Why are millennials so rich? ›

There may be another factor creating so much wealth among millennials: inheritances. In what's known as "the great wealth transfer," baby boomers are expected to pass down between $70 trillion and $90 trillion in wealth over the next 20 years. Much of that is expected to go to their millennial children.

Why are millennials financially struggling? ›

Coming of age in the shadow of the Great Recession, Millennials entered the job market during one of the worst economic downturns in decades, and now face mounting student loan debt, sky-high housing and healthcare costs, and increasingly precarious work environments.

Why is Gen Z financially illiterate? ›

Within Gen Z, financial literacy tends to be lowest among those who have never attended college.

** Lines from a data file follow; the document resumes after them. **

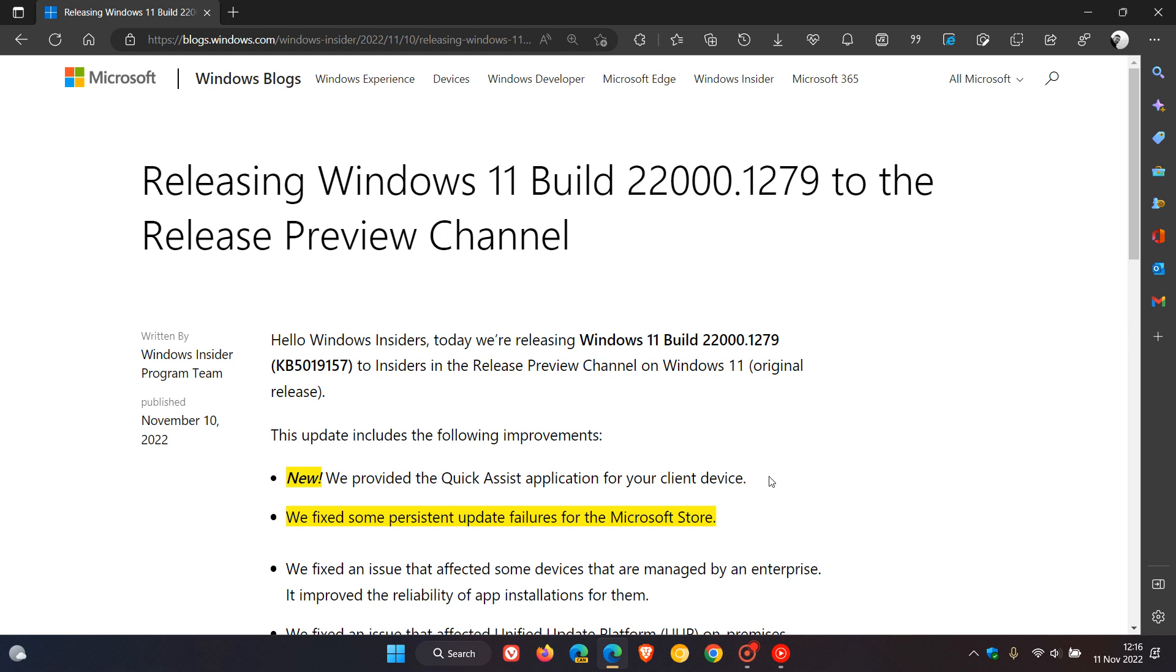Now there is one new feature that will be rolling out in the next optional update, where Microsoft will roll out Quick Assist to version 21H2. And in case you're unaware what Quick Assist is, basically Quick Assist is a Windows app that enables a person to share their device with another person over a remote connection.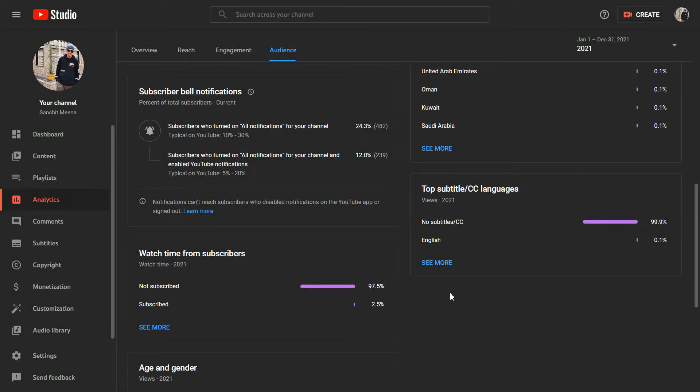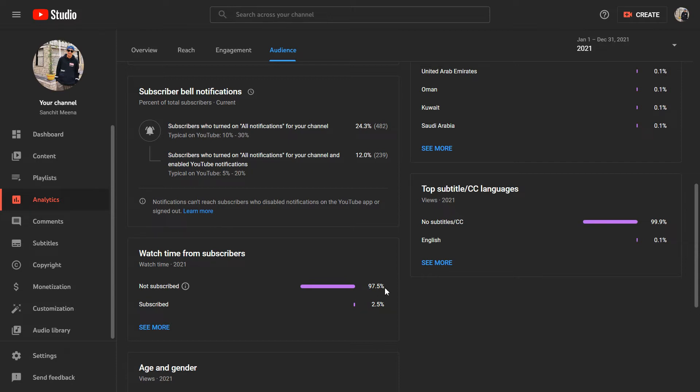Hey guys, what's up? So I just noticed the analytics of my YouTube channel and I found that in year 2021, 97.5% of the people around the globe haven't subscribed to my channel and they are my regular viewers. So I humbly request you all to please subscribe to my channel as well. Do turn on the bell icon for all the latest updates.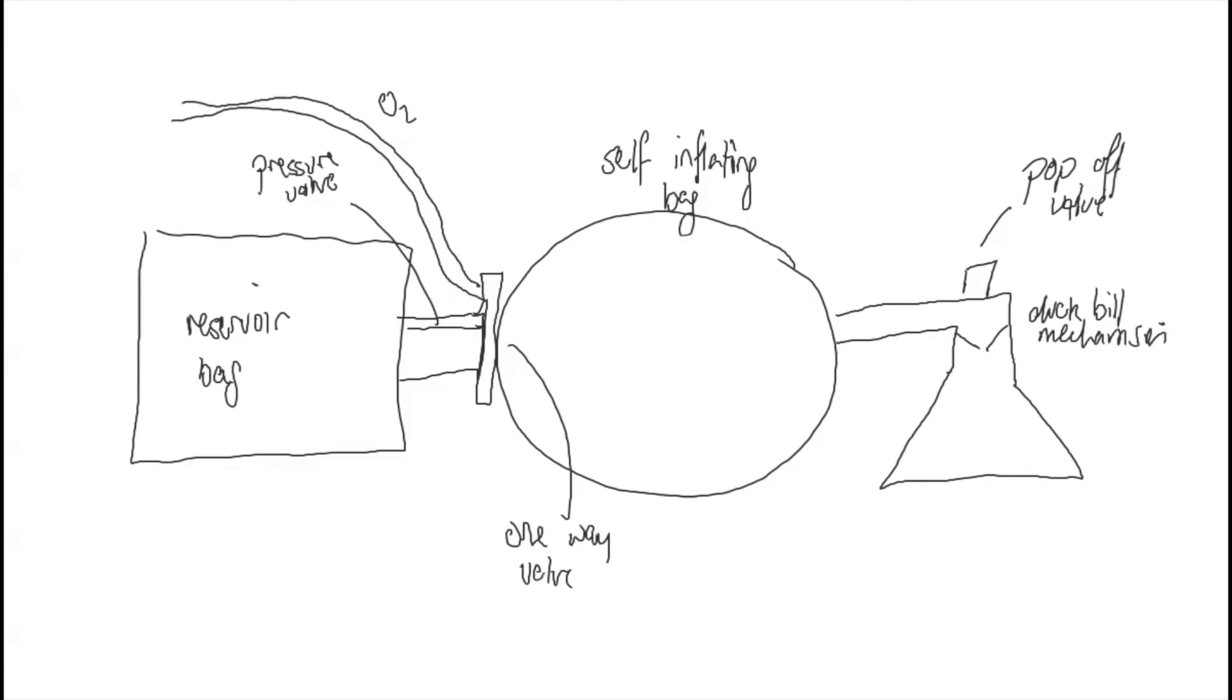You can also have a PEEP valve to provide positive end expiratory pressure to the patient.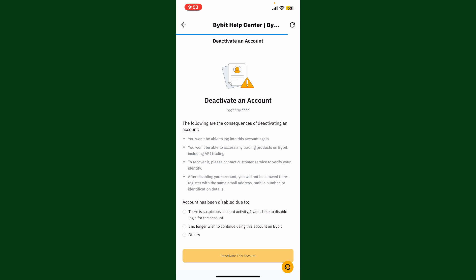Go ahead and choose any one of the options you are trying to disable your account for, and once you are done, click on Deactivate This Account at the bottom. Follow through the prompts and you'll be able to delete or deactivate your Bybit account.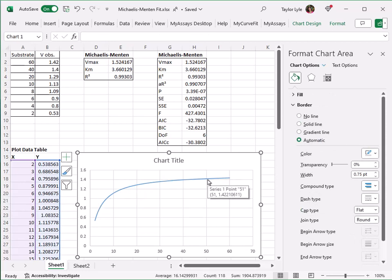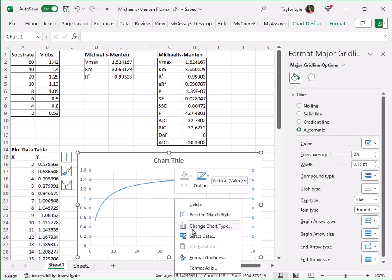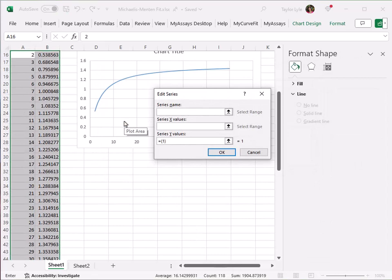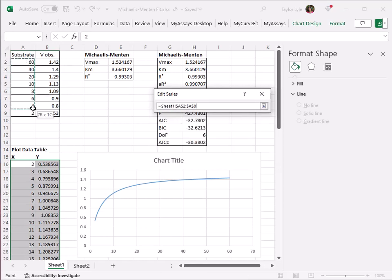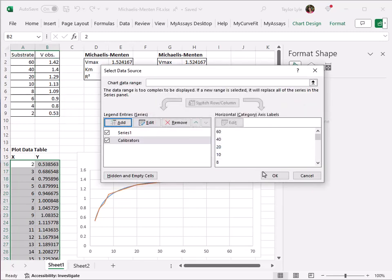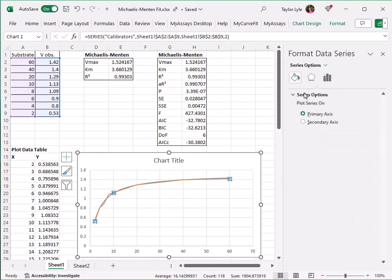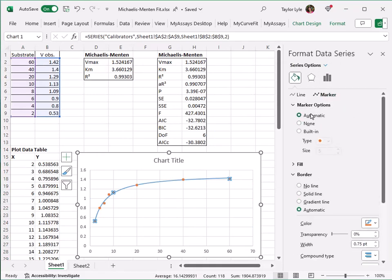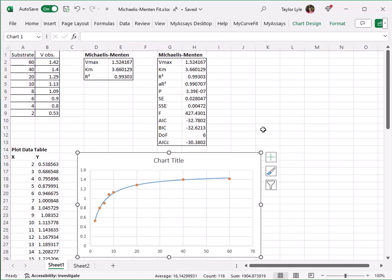This data represents the true curve fit line as opposed to a line simply connecting our calibrator points. Now I'll add my calibrator values as an additional data set by selecting Select Data, Select Add. I'll name this series Calibrators, and I'll select my calibrator X and Y values. I'll format this data series to remove the line and add markers. Now on our chart, we can see both the curve fit line as well as where the calibrators fall on that line. For more information on how to create plot data tables and the corresponding curve chart, please see the associated video.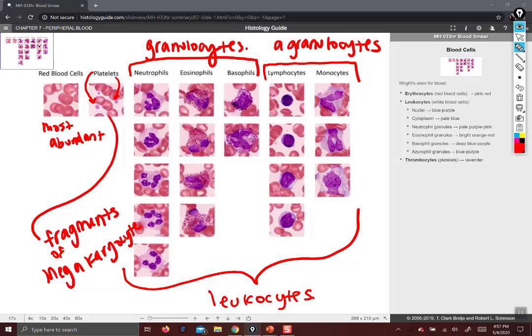Neutrophils are the most common. They have light pink cytoplasm, light pink granules, and a multi-lobed nucleus — they may have different amounts of lobes. This column is just giving you some examples of different shapes that neutrophils can take.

On average, this group correctly answered only 39% of the index questions. Across generations, financial literacy tends to be greatest in the areas of borrowing and saving.

What generation has the worst debt? ›

The Gen X debt situation

Across all generations in the 100 largest metros, Gen Xers have the highest median non-mortgage debt at $33,859. The cohort also has the largest share of people with debt, nearly 99% carry some type of balance, LendingTree found.

What is the average income for millennials? ›

We counted millennial Americans as anyone who was between the ages of 18 and 40 as of 2022. Based on these data points, we found that the average salary of a millennial is $1,376 per week, which equates to $71,566 per year.

What generation is the most financially successful? ›

Wealthiest Generation: Baby Boomers

According to the Federal Reserve data, baby boomers – people born between the 1946 and 1964– win the top spot for the wealthiest generation in the U.S. In aggregate, their total net worth is $78.55 trillion.

How much debt does the average 31 year old have? ›

Average credit card debt by age and generation
GenerationAgesCredit Karma members' average credit card debt
Gen ZMembers 18–26$2,781
Millennial27–42$5,898
Gen X43–58$8,266
Baby boomer59–77$7,464
Apr 29, 2024

What is the average credit card debt for a 30 year old? ›

Average credit card debt by age group
GenerationAverage credit card debt
Baby boomers (58–76)$6,245
Generation X (42–57)$8,134
Millennials (26–41)$5,649
Generation Z (19–25)$2,854
2 more rows
Feb 14, 2024

Is $2,000 dollar debt bad? ›

Is $2,000 too much credit card debt? $2,000 in credit card debt is manageable if you can pay more than the minimum each month. If it's hard to keep up with the payments, then you'll need to make some financial changes, such as tightening up your spending or refinancing your debt.

What is the average mortgage for Millennials? ›

Millennials – widely considered to be between the ages of 28 and 43 – took out mortgages of $290,000 on average, according to Freddie Mac data, with an average balance of $273,000 and just over 28 years remaining. Their monthly payment averages $1,900, and 52% of them are first-time homebuyers.